Adam Carolla: Why do NFL games and the Grammys need to be politicized?
For comedian Adam Carolla — who performs at Seattle’s Moore Theatre this Thursday — there was no question that he would remain on the straight and narrow path once hitting fame.
Carolla credits his age — he was in his early 30s by the time he reached success — as well as his humble beginnings for the reason that he never went off the deep end.
“By the time I got to show business, by the time I had any success at all, by the time I had made a nickel, I was already permanently humbled by my upbringing, my parents, my past, all the horrible jobs I had,” he said to KIRO Radio’s Dori Monson.
He also pointed out that his circle included people like Dr. Drew and Jimmy Kimmel, “who have a mentality of schoolteacher meets an accountant meets an airline pilot.”
Switching gears to discuss current hot topics, Carolla said that he does not see why every major event, from Aretha Franklin’s funeral to the Miss America competition, has to be politicized.
“The notion that every time there’s a hot mic and it’s open, you have to lean into it and express yourself politically is kind of getting old for anyone who’s at the event who wants to just enjoy the event,” he said.
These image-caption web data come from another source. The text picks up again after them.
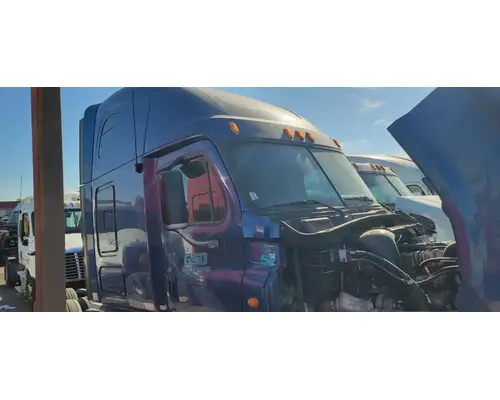 FREIGHTLINER Cascadia 125 Cab Assembly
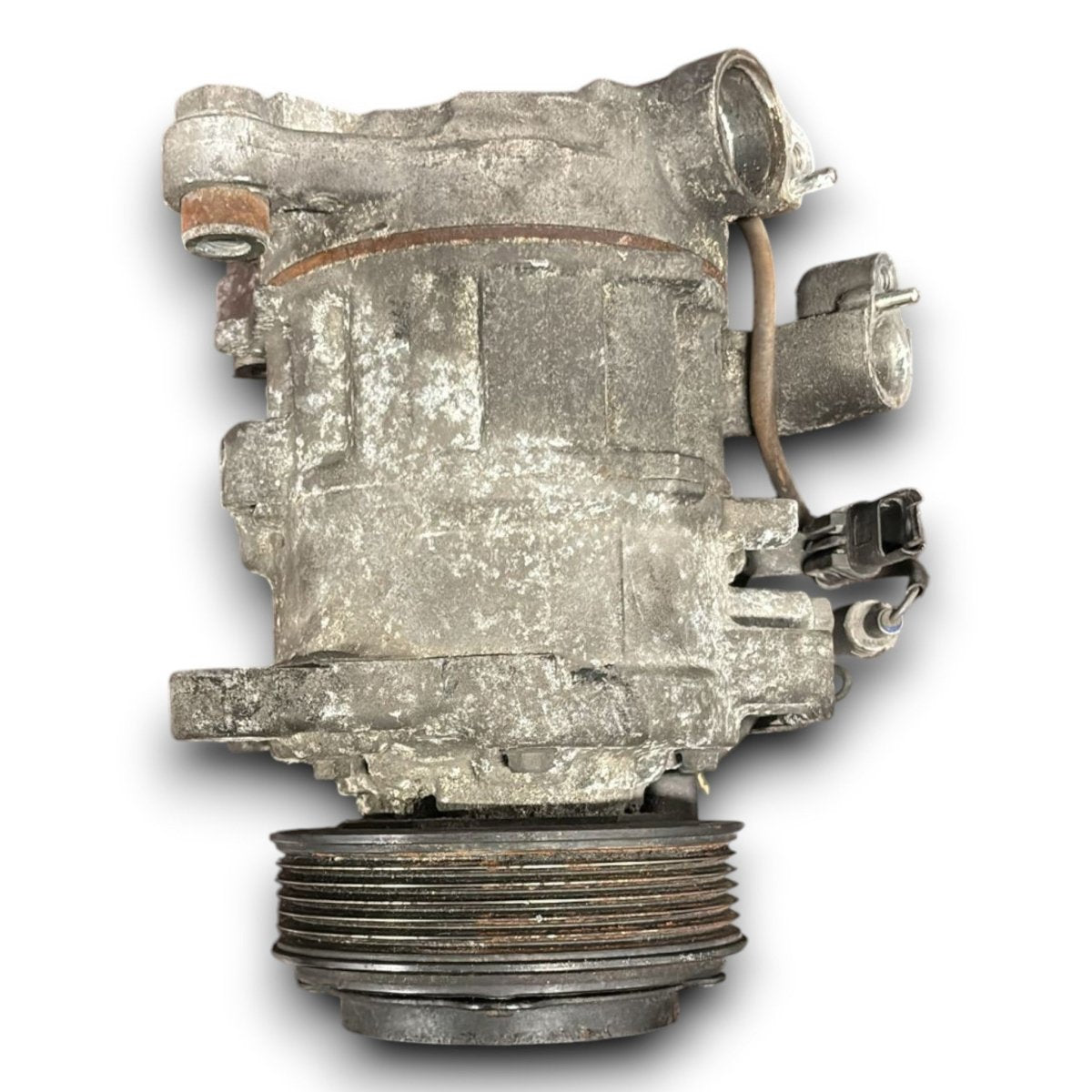 Compressore aria condizionata Bmw serie 3 f30 cod . 447260 - 4710 2.0 diesel (2012 > 2019) - F&P CRASH SRL - Ricambi Usati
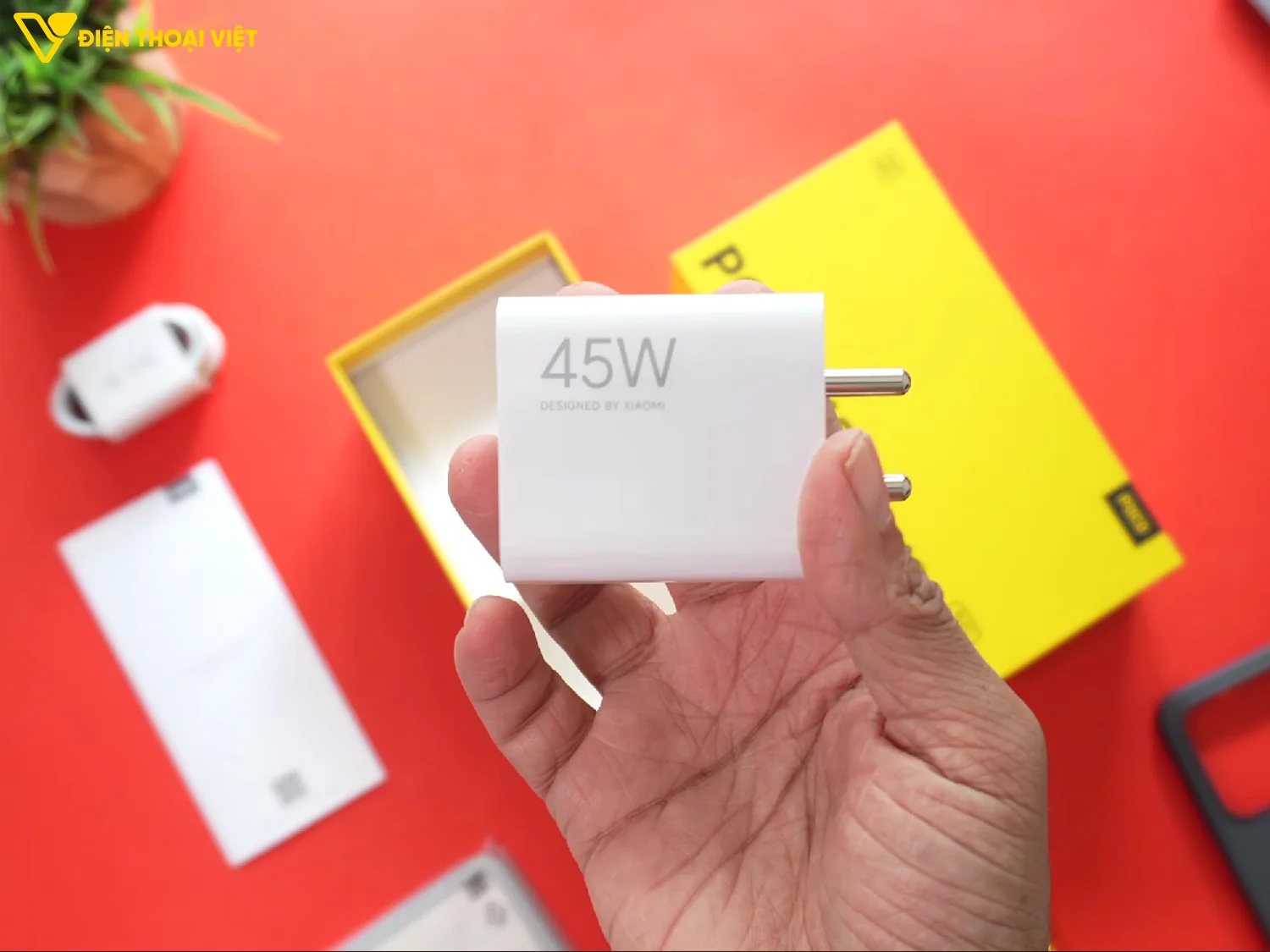 Phụ kiện đi kèm hộp đựng POCO M8 Power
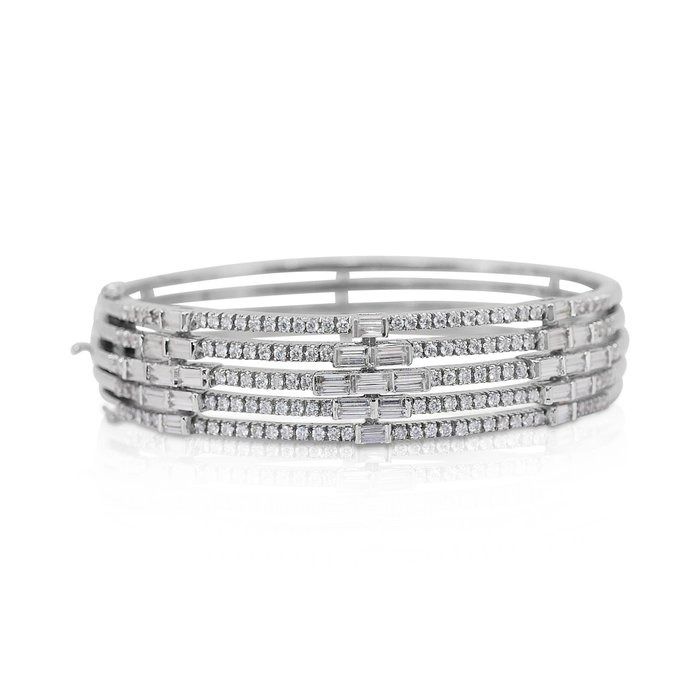 Sparkling 4.55ct Diamonds Bangle in 18k White Gold - IGI Certified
Events like the Grammys and NFL games, he said, should be an escape from politics, and turning them into a political platform changes the experience.
“If you interrupt it with political rhetoric, it is taking away from what it is I am trying to do — so if I’d like to watch an NFL game, I’d like to watch an NFL game because I don’t want to think about politics for a few hours on a weekend,” he said. “And if I want to watch the Grammys, it’s because I don’t want to think about this.”
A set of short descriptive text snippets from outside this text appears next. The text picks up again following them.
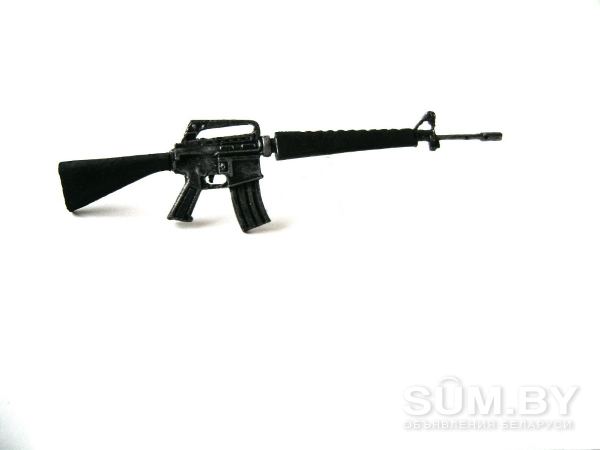 Сувенир. Автоматическая винтовка США М16А1. Масштаб 1:6. Длина 16, 5 см объявление Продам уменьшенное изображение 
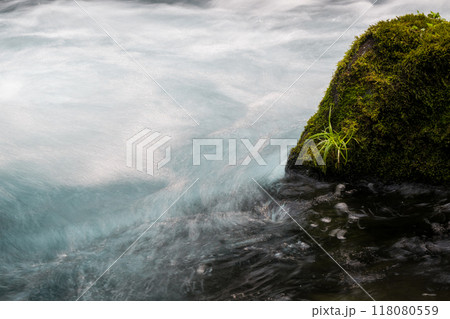 冬の菊池渓谷の水の流れが美しい渓谷美風景 冬の菊池渓谷の水の流れが美しい渓谷美風景 118080559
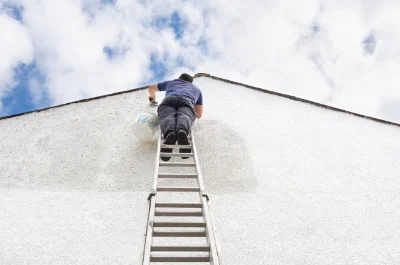 Peinture extérieure à Orléat — façades et ravalement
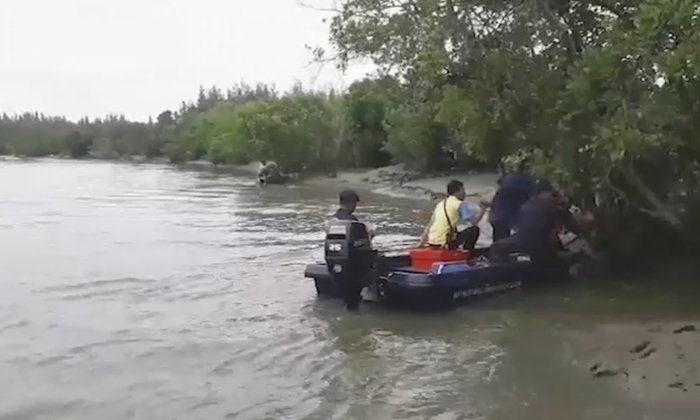 นอภ.ประกาศงดเล่นน้ำ หลังชาวบ้านแหลมพบ "จระเข้" ลอยกลางแม่น้ำเพชรบุรี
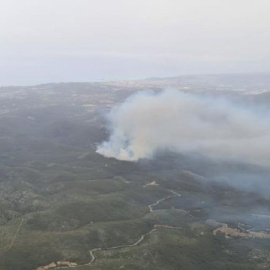 Imatge aèria de l'incendi a Sant Pere de Ribes.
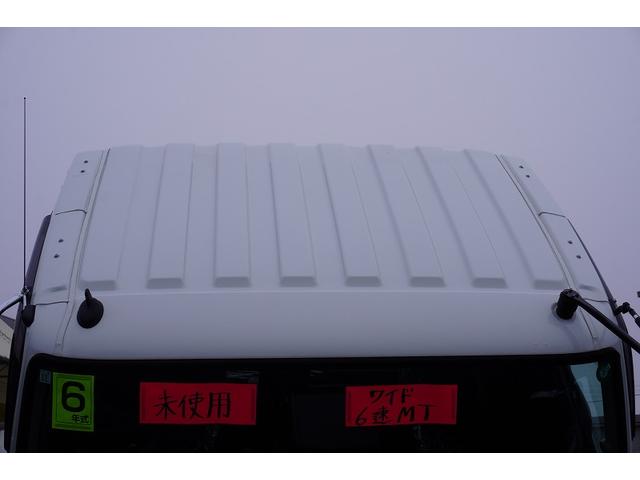 ファイター ４トン　ワイド　平ボディー　アルミブロック　リアエアサス　ベッド付　積載３４００ｋｇ　６．２ｍ長　五方開　東洋ボディー製造りボディー　アオリ上部プロテクター付　鳥居シマ板張り　落込フック　バックカメラ　ＥＴＣ　坂道発進補助　メッキ　アルミホイール　融雪仕様（12枚目）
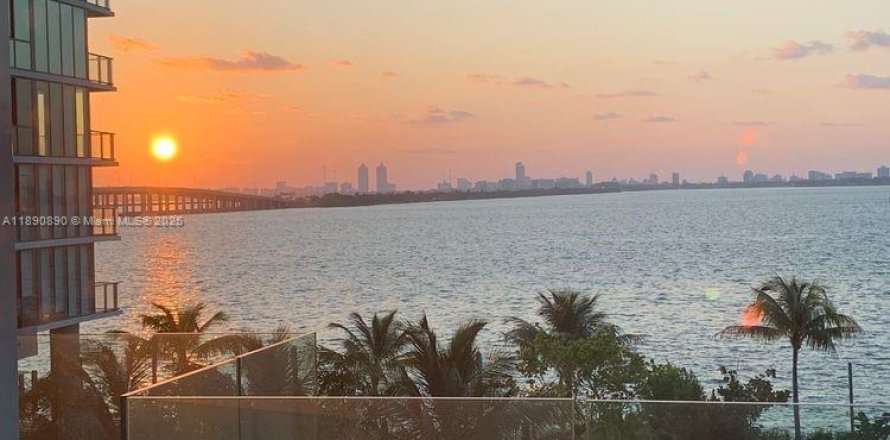 Condominio en Miami, Florida, 3 dormitorios  № 1948199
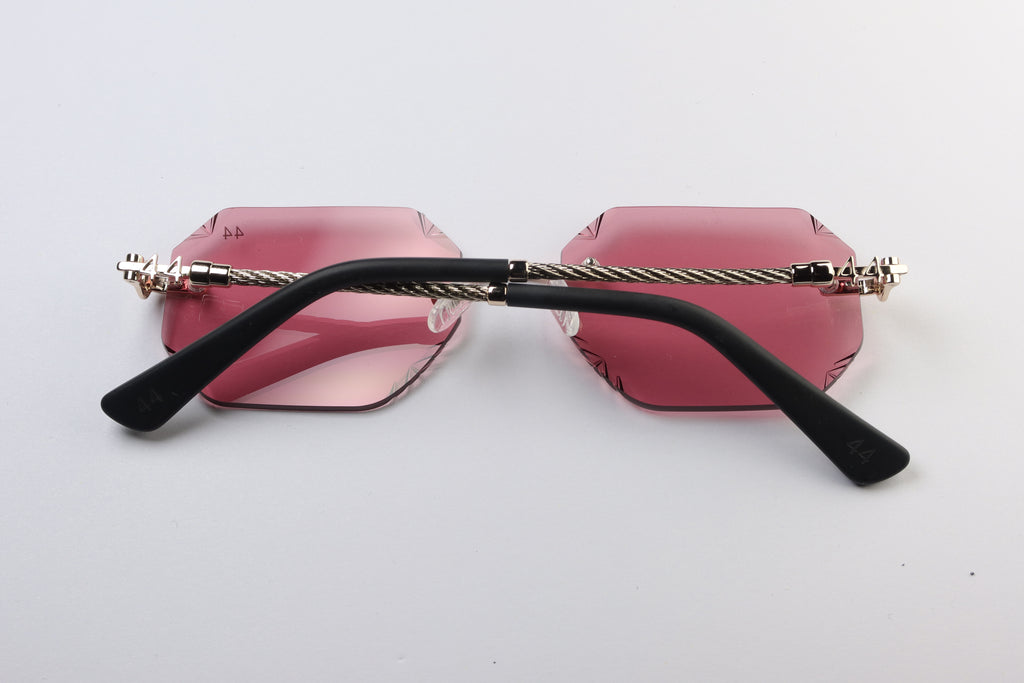 44 Triliona Marrone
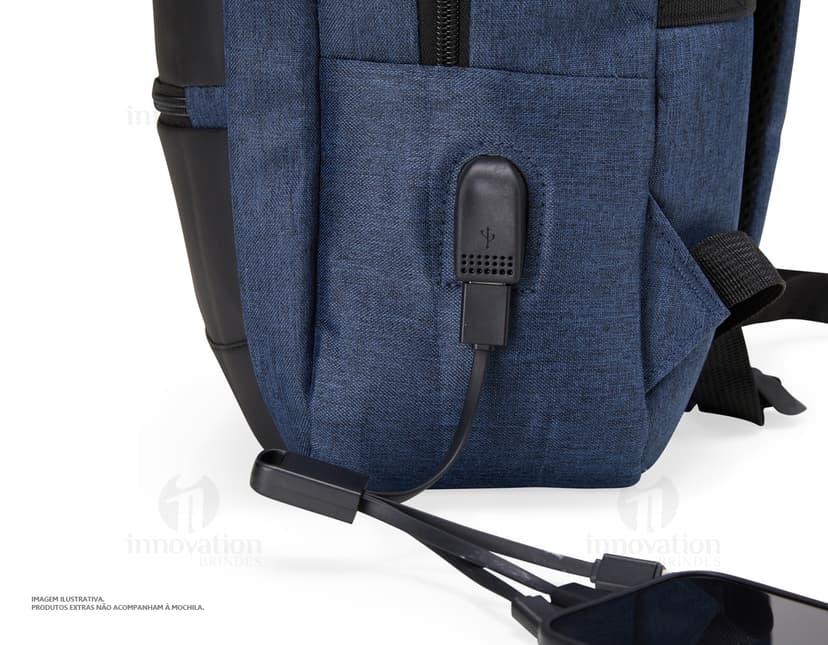 Mochila de nylon preta com alças de couro, com capacidade de 26 litros e porta USB integrado. Ideal para viagens de negócios e equipada com compartimentos de armazenamento tecnológicos. Design moderno e retro, com fechos de metal e alça de transporte.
He compared it to a host at the Cheesecake Factory calling, “Johnson — party of four” into the microphone, and then using the opportunity of having people’s attention to shout out an insult aimed at President Trump.
Similarly, he said, people should not try to look for political drama in non-political events, such as Serena Williams accusing an umpire of sexism at the US Open. He pointed out that he has 12-year-old twins, a girl and a boy, whom he disciplines purely on the basis of behavior. He happens to discipline the girl more, he said, but that is because she steps out of line more often.
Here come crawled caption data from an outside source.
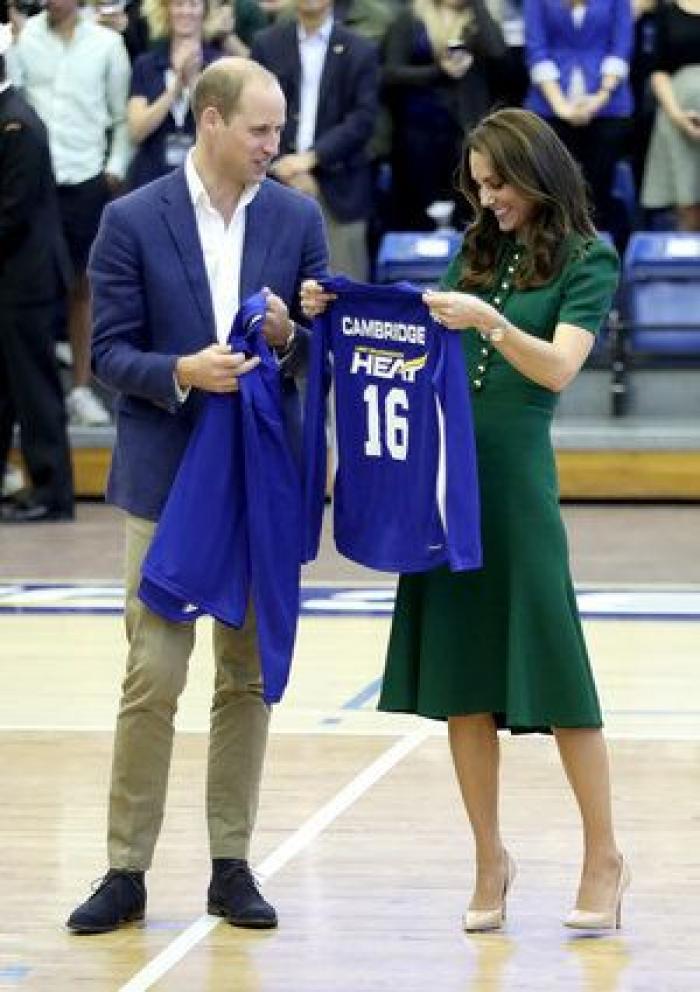 El príncipe Enrique denuncia una campaña de acoso a su novia, Meghan Markle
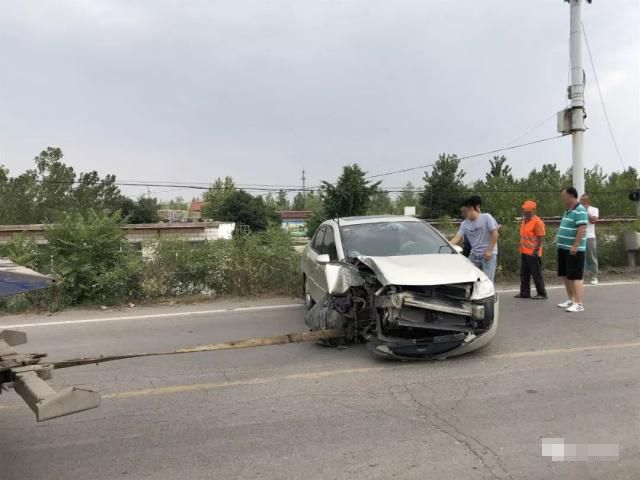 现场惨烈石家庄赵县7月7日发生2起交通事故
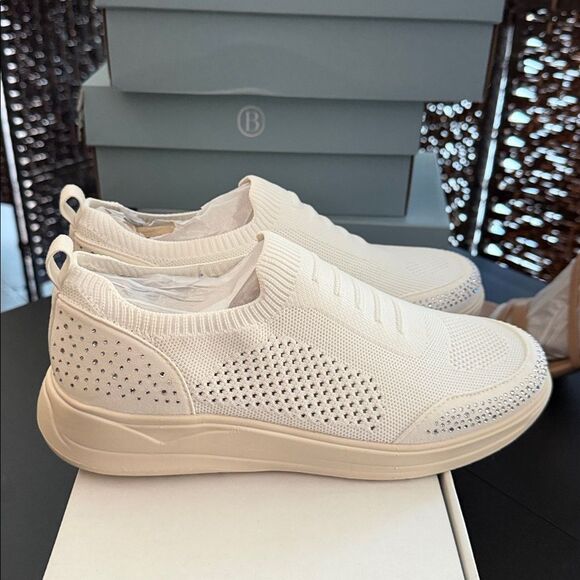 Bzees Timeless Bright Sneaker (WIDE) - Picture 5 of 7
“If she called it sexist, it would be impossible to discipline her — there’s just a set of rules,” he said. “Now, if I disciplined her constantly, and never disciplined him and said, ‘It’s because you’re a girl,’ then it is sexist.”
Next up for Carolla is the release of his new film, “No Safe Spaces” in the spring. The film, created by Carolla and radio talk show host Dennis Prager, examines the lack of tolerance on college campuses for freedom of speech, posing the theory that so called “diversity-embracing” students actually have an acceptance for only one type of political viewpoint.
“It’s really strong, there’s lots of interesting voices in it from the right and the left, and everyone is giving their take on the same subject,” Carolla said.